TASK STATEMENT:
Of the lines in the material below, print only those from the one containing "CHANEL knit 80%" to the one containing "An abstract landscape", ends included, exactly as written and without pictures.

DATASET EXTRACT:
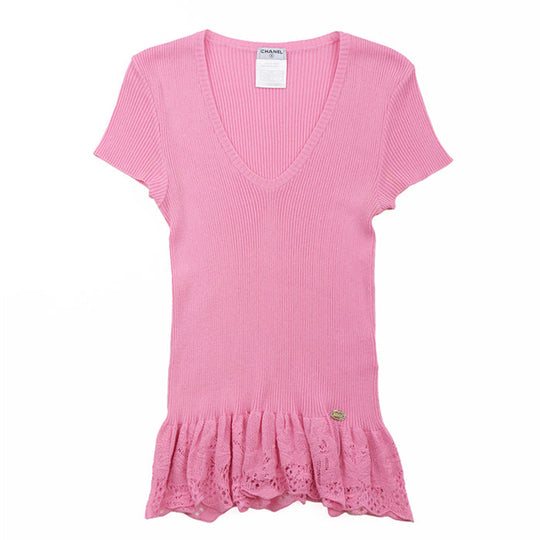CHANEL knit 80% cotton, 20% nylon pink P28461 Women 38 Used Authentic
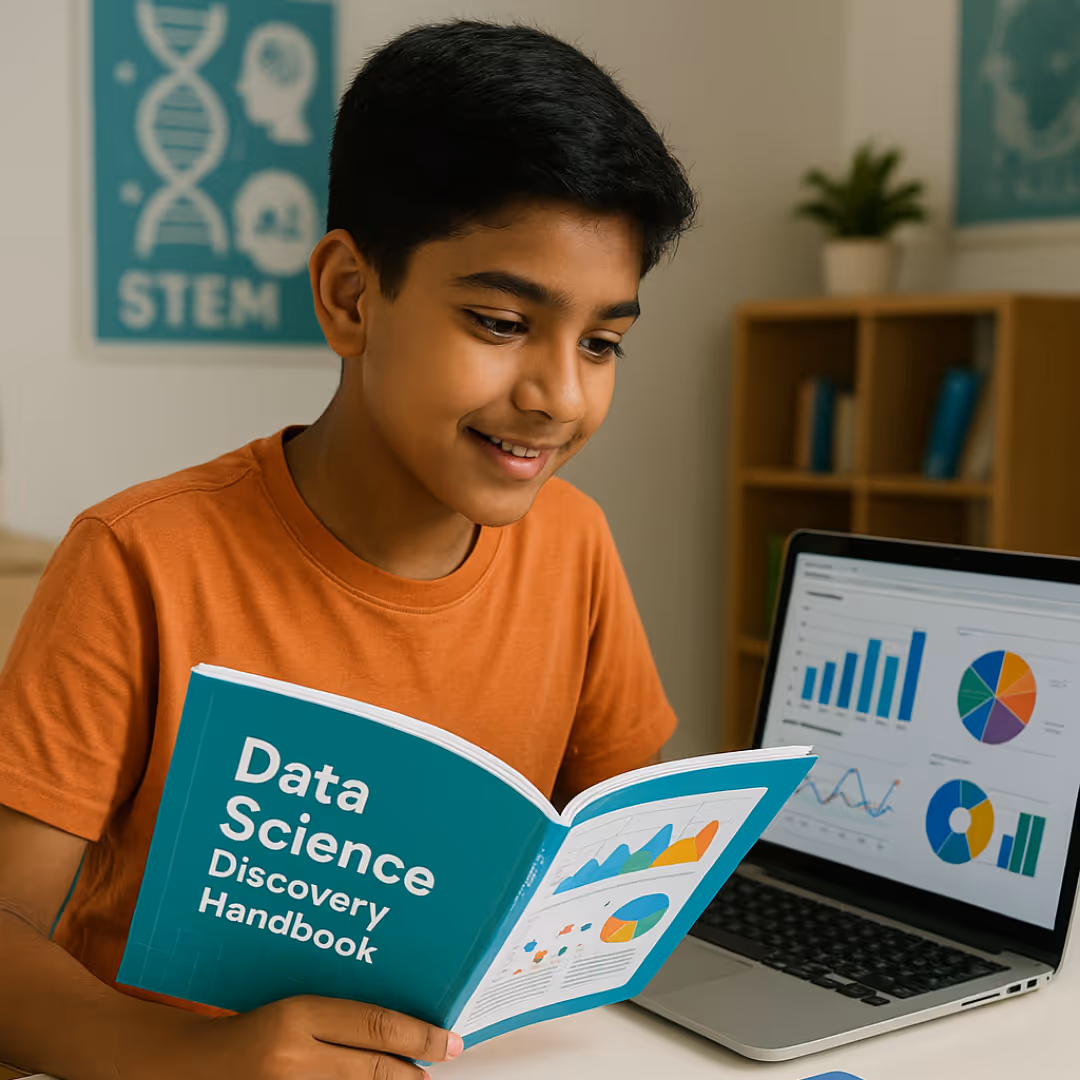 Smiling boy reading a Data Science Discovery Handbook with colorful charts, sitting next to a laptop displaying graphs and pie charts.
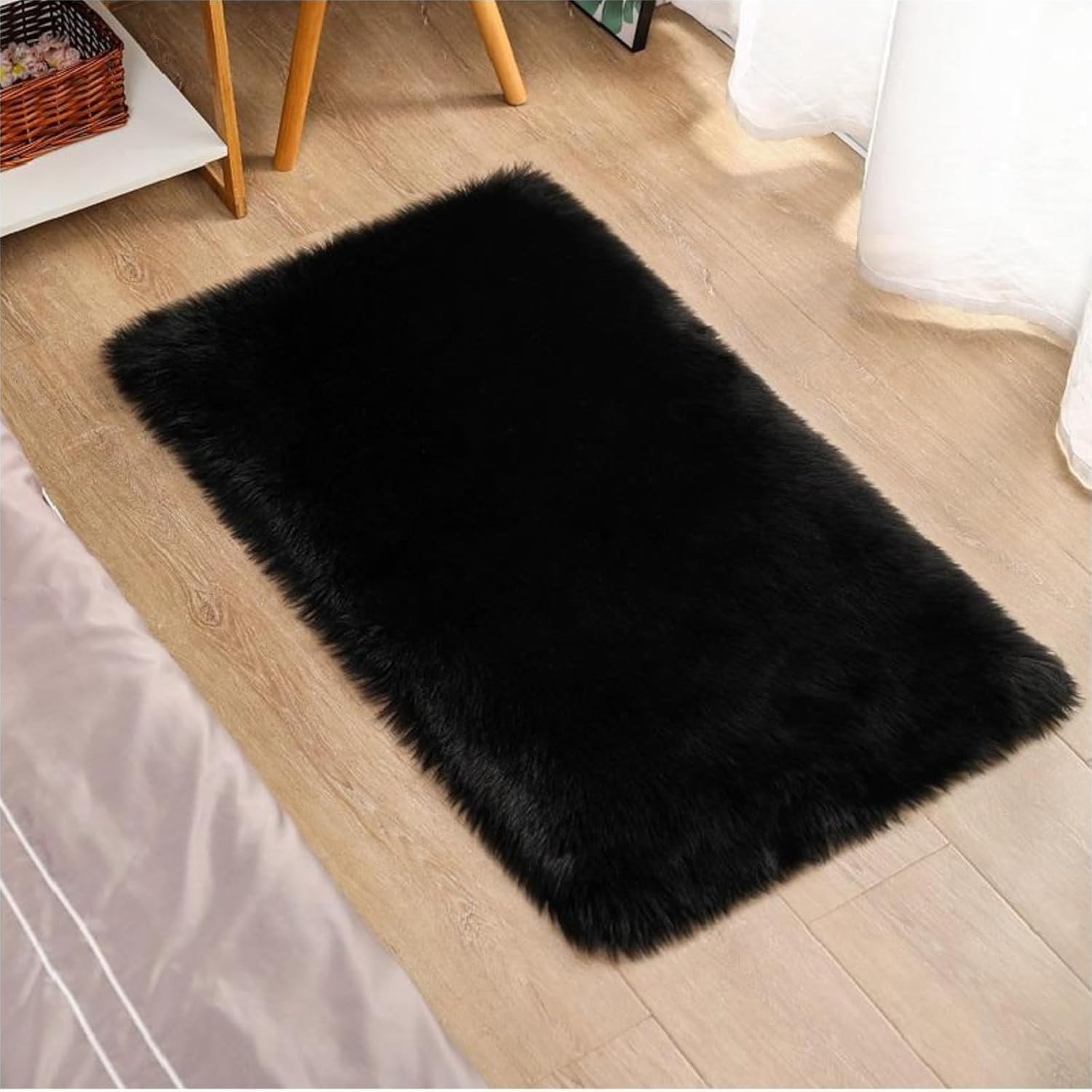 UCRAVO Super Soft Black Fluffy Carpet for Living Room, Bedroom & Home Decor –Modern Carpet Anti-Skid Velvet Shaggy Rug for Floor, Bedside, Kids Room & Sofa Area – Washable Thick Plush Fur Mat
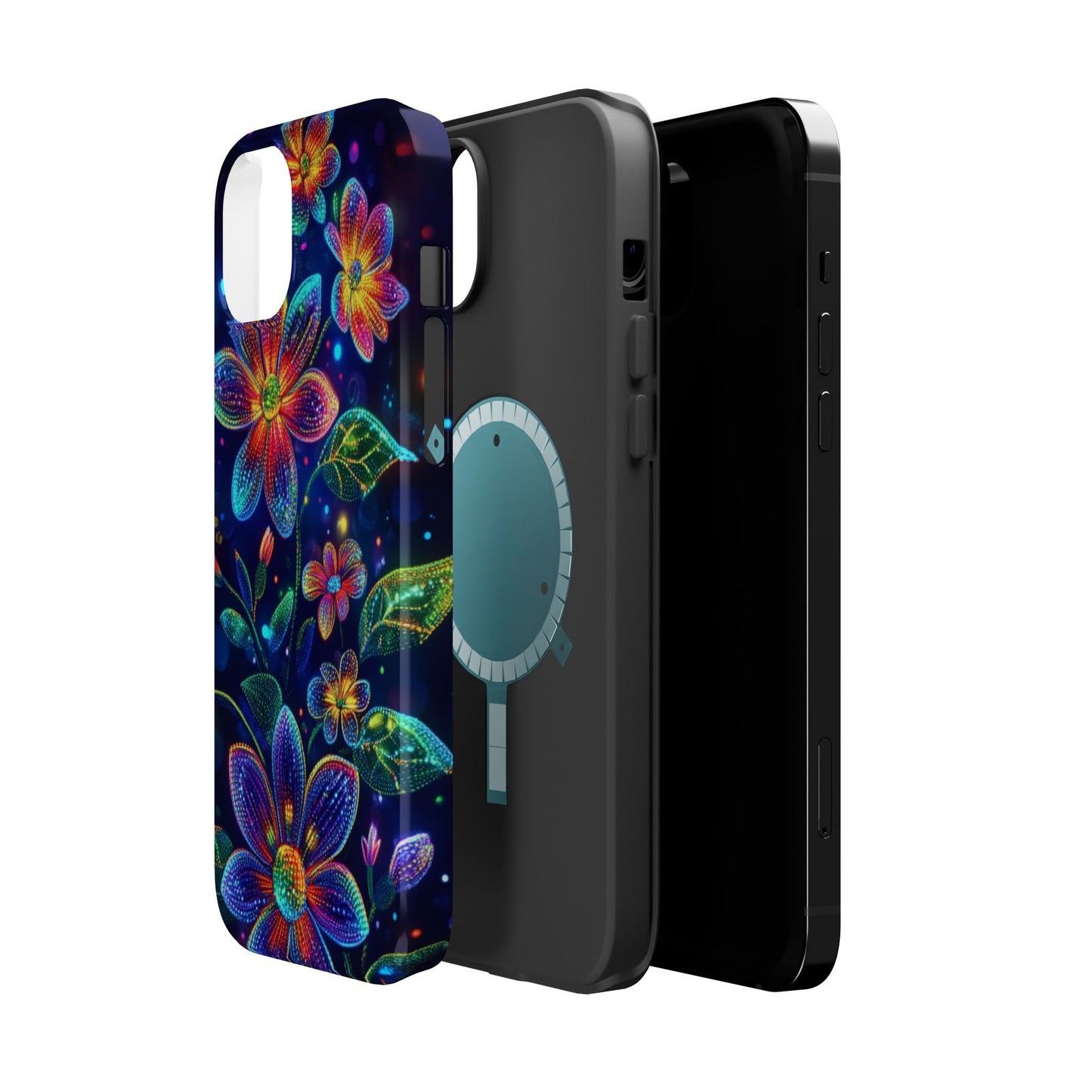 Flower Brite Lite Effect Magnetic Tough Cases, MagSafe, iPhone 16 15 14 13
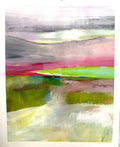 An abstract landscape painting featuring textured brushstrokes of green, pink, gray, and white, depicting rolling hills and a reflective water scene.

--

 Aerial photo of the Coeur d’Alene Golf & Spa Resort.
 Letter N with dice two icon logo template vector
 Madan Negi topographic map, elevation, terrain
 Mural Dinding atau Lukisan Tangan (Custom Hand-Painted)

TASK RESPONSE:
CHANEL knit 80% cotton, 20% nylon pink P28461 Women 38 Used Authentic
 Smiling boy reading a Data Science Discovery Handbook with colorful charts, sitting next to a laptop displaying graphs and pie charts.
 UCRAVO Super Soft Black Fluffy Carpet for Living Room, Bedroom & Home Decor –Modern Carpet Anti-Skid Velvet Shaggy Rug for Floor, Bedside, Kids Room & Sofa Area – Washable Thick Plush Fur Mat
 Flower Brite Lite Effect Magnetic Tough Cases, MagSafe, iPhone 16 15 14 13
 An abstract landscape painting featuring textured brushstrokes of green, pink, gray, and white, depicting rolling hills and a reflective water scene.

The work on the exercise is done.